Another look at a story I’ve already covered once, but it was this Deep Ones reading over at LibraryThing, so I thought I’d say a few more things about it and defend Lovecraft on some points.
Review: “He”, H. P. Lovecraft, 1925.
I was faint, even fainter than the hateful modernity of that accursed city had made me.
“He” is the second of what I call Lovecraft’s “I hate New York” stories.
It is also, after his “The Silver Key”, written in 1926, the most autobiographical of his stories, a hate letter to New York City and modernity.
The story opens with that cry from the heart of the narrator and continues:
I saw him on a sleepless night when I was walking desperately to save my soul and my vision. My coming to New York had been a mistake; for whereas I had looked for poignant wonder and inspiration in the teeming labyrinths of ancient streets that twist endlessly from forgotten courts and squares and waterfronts to courts and squares and waterfronts equally forgotten, and in the Cyclopean modern towers and pinnacles that rise blackly Babylonian under waning moons, I had found instead only a sense of horror and oppression which threatened to master, paralyse, and annihilate me.
The hero goes on long nocturnal jaunts to find the hidden historical curiosities of Old New York:
tottering Ionic columns and fluted pilasters and urn-headed iron fence-posts and flaring-lintelled windows and decorative fanlights.
S. T. Joshi, in H. P. Lovecraft: A Life, says Lovecraft sat down on a park bench in Scott Park in Elizabeth, New Jersey at 7 AM on August 11, 1925 and started to write this story.
Like his narrator, Lovecraft liked long nocturnal jaunts through the city. His hero encounters a man in Greenwich Village one night. Lovecraft, in fact, had traveled through that very area a few hours before.

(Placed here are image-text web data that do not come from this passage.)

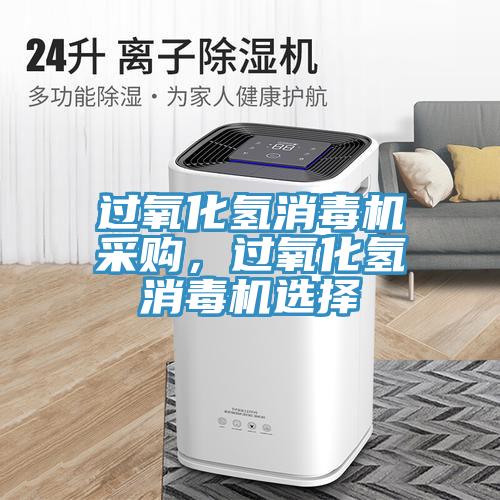 过氧化氢消毒机采购，过氧化氢消毒机选择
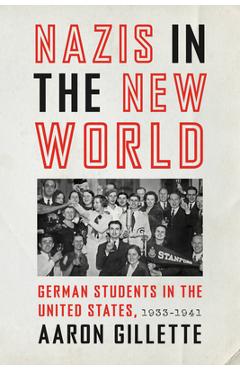 Coperta cărții 'Nazis in the New World: German Students in the United States, 1933-1941 - Aaron Gillette'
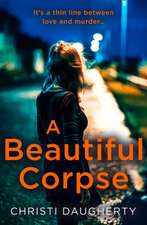 Daugherty, C: Beautiful Corpse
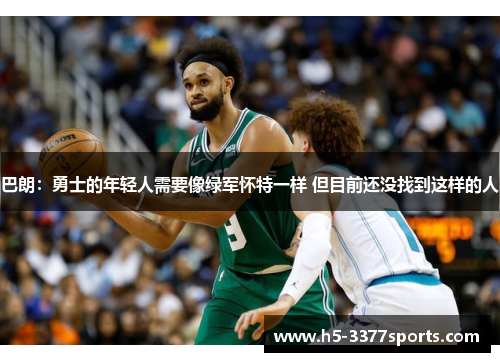 巴朗：勇士的年轻人需要像绿军怀特一样 但目前还没找到这样的人
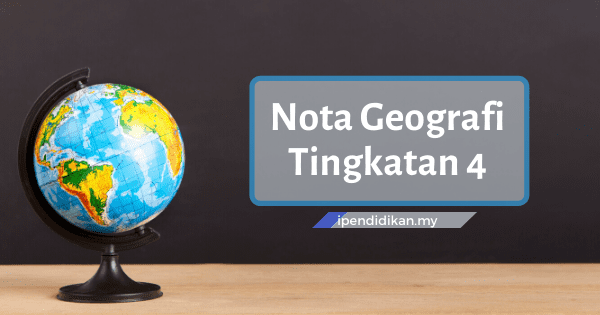 Tingkatan 4 ringkas geografi nota NOTA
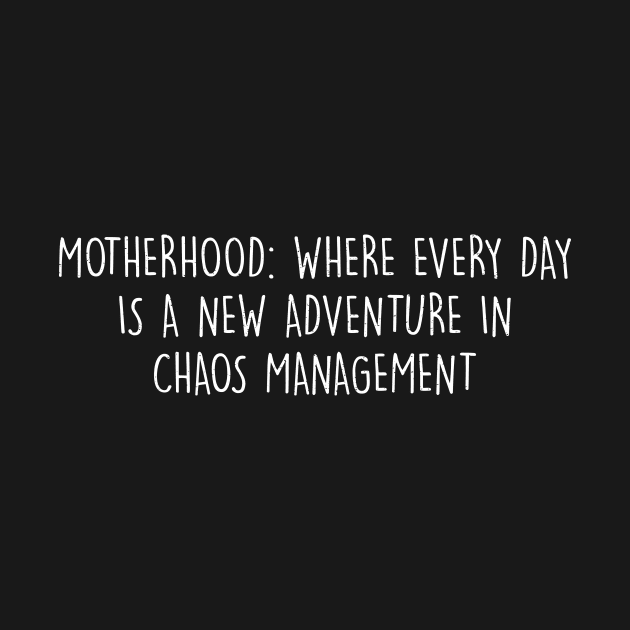 Motherhood Where every day is a new adventure in chaos management by trendynoize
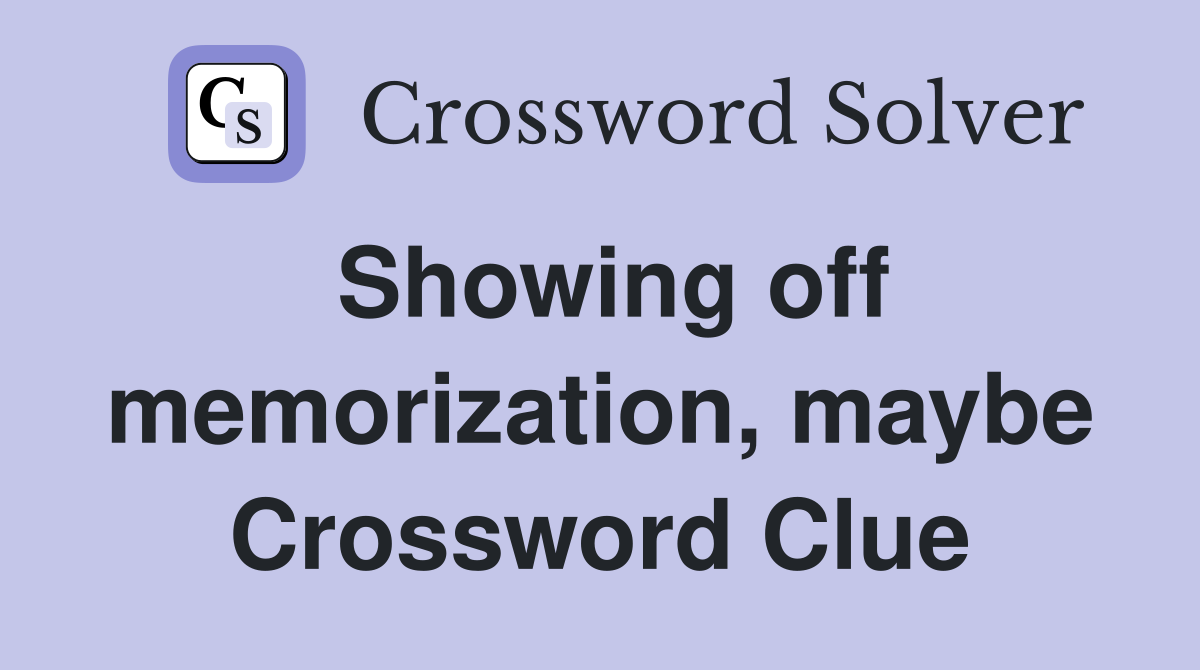 Showing off memorization, maybe Crossword Clue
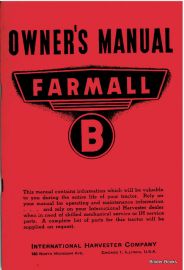 Operators Manual for Farmall B Tractor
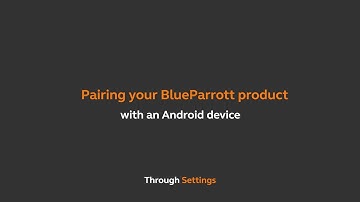 Pair your BlueParrott product with an Android device through the settings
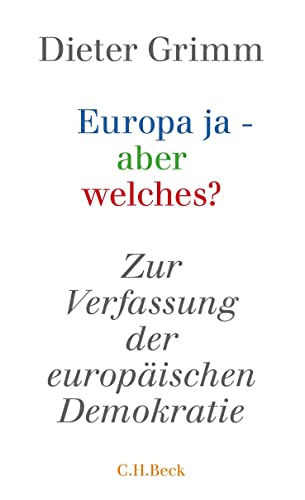 Europa ja - aber welches?: Zur Verfassung der europäischen Demokratie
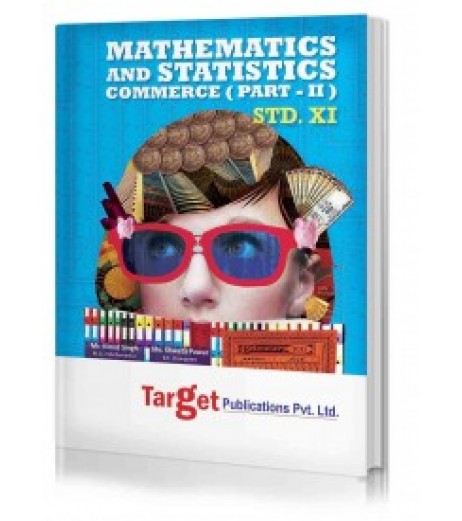 Target Publication Std.11th Mathematics and Statistics - 2 Notes, Commerce (MH Board) Commerce - SchoolChamp.net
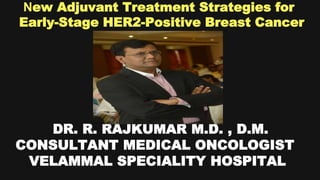 New Adjuvant Treatment Strategies for
Early-Stage HER2-Positive Breast Cancer
DR. R. RAJKUMAR M.D. , D.M.
CONSULTANT MEDICAL ONCOLOGIST
VELAMMAL SPECIALITY HOSPITAL
 
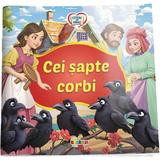 Cei sapte corbi. Citesc cu drag, editura Dorinta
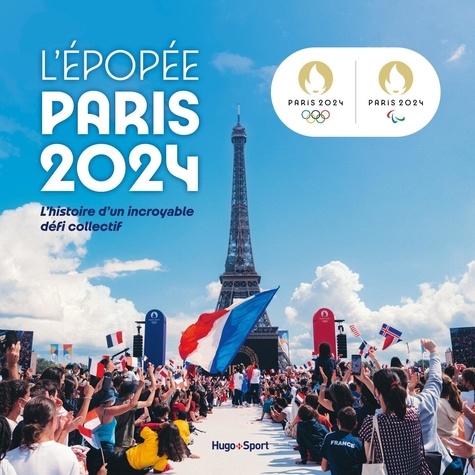 L'Epopée Paris 2024. L'histoire d'un incroyable défi collectif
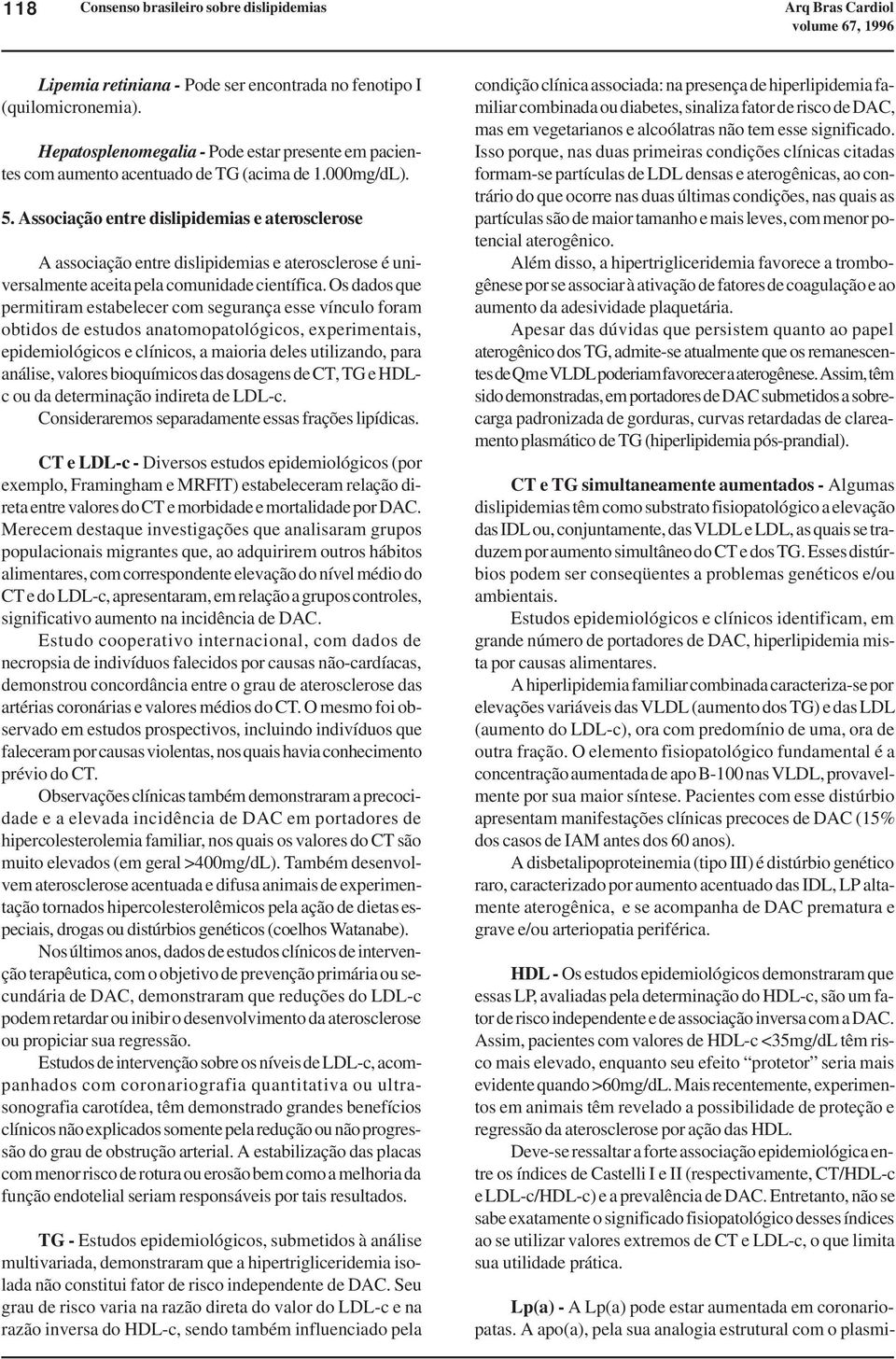 Os dados que permitiram estabelecer com segurança esse vínculo foram obtidos de estudos anatomopatológicos, experimentais, epidemiológicos e clínicos, a maioria deles utilizando, para análise,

The man, who turns out to be a sorcerer, takes the hero to his strangely antique home and reveals his long life and horrifying visions of the past and, famously, the future in this passage:
For full three seconds I could glimpse that pandaemoniac sight, and in those seconds I saw a vista which will ever afterward torment me in dreams. I saw the heavens verminous with strange flying things, and beneath them a hellish black city of giant stone terraces with impious pyramids flung savagely to the moon, and devil-lights burning from unnumbered windows. And swarming loathsomely on aërial galleries I saw the yellow, squint-eyed people of that city, robed horribly in orange and red, and dancing insanely to the pounding of fevered kettle-drums, the clatter of obscene crotala, and the maniacal moaning of muted horns whose ceaseless dirges rose and fell undulantly like the waves of an unhallowed ocean of bitumen.
Lovecraft never used the Yellow Peril in other stories and doesn’t seem to have borne Chinese or Japanese any great antagonism.
But Lovecraft didn’t like the mixing of “culture-streams”. Joshi, in H. P. Lovecraft: The Decline of the West, has this Lovecraft quote from 1926:
Biologically, the Nordic is probably not superior to the best Mediterranean stock, or the unbroken and now almost extinct Semitic whjte stock; but just as the Chinese culture ought to be preserved where it is once entrenched, where the Nordic culture is once entrenched, it must be preserved.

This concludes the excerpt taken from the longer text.